I am still a big Nakamura fan. His brand of intelligent literary noir is right up my street, crime without the procedural, murder without the mystery. Nakamura is interested in what makes good people bad, and if there is such a thing as true evil. For a while there was a translation of his coming out every year but it has slowed down recently. Hopefully it won’t come to a complete stop as there is much more of his work to be translated and enjoyed.

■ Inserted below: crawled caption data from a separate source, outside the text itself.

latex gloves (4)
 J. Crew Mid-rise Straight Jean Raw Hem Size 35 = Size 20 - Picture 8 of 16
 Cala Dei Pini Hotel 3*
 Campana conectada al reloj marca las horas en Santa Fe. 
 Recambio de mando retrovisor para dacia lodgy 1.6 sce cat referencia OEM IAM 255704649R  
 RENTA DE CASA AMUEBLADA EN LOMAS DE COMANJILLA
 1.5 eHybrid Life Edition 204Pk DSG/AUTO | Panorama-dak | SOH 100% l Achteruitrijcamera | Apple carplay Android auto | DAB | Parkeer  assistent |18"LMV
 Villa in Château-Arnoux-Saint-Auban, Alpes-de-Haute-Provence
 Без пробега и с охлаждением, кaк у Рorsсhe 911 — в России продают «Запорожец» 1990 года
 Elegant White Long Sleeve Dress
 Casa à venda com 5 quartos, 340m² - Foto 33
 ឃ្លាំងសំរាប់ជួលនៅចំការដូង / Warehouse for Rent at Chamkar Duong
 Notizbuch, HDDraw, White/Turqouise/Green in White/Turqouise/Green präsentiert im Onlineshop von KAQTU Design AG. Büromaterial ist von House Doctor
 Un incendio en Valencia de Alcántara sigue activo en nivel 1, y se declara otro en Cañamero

I kept a physical copy of this because I didn’t know then that writing for the Japan Times would become a regular thing. I’ve now done hundreds of interviews and reviews for the paper, and they are all itemised on my main website, so I gave up on the idea of having a paper record pretty quickly, but opening the pages of the Sunday edition from November 2, 2014, I remember the rush of excitement seeing my first interview as a literary journalist in print, followed quickly by the disappointment of the mistake in the photo caption, where Nakamura is referred to as Fuminori Maloney. Not my doing, I hasten to add.
My writing for the Japan Times has pretty much ground to a halt. Space is being squeezed in the print edition and the managing directors don’t want anything on the website that isn’t in the print edition. Books are way down their list of priorities. It’s a real shame, but one replicated everywhere. Getting word out about new books is difficult, and outlets like the Japan Times were widely read and respected, so a mention there could do wonders for a book’s chances of survival. Besides, the taste for proper literary criticism is also dwindling with the rise of book vlogs and bookTok. People want personal reactions to books, they want plot synopsis, teasers, and why I love this book. They don’t want (it seems to me anyway) detailed discussions about influences, context, and legacy. They aren’t interested in examinations of structure, form, or narrative. At one point the JT book review column was down to 250 words. Once you’ve given a brief summary of the plot, you’re left with about 60 words in which to encapsulate why this book is worth devoting scarce column inches to… it’s infuriating.
Anyway, back in November 2014, that was all in the future. On that particular Sunday I was just delighted to see my name and writing in print in a respected newspaper.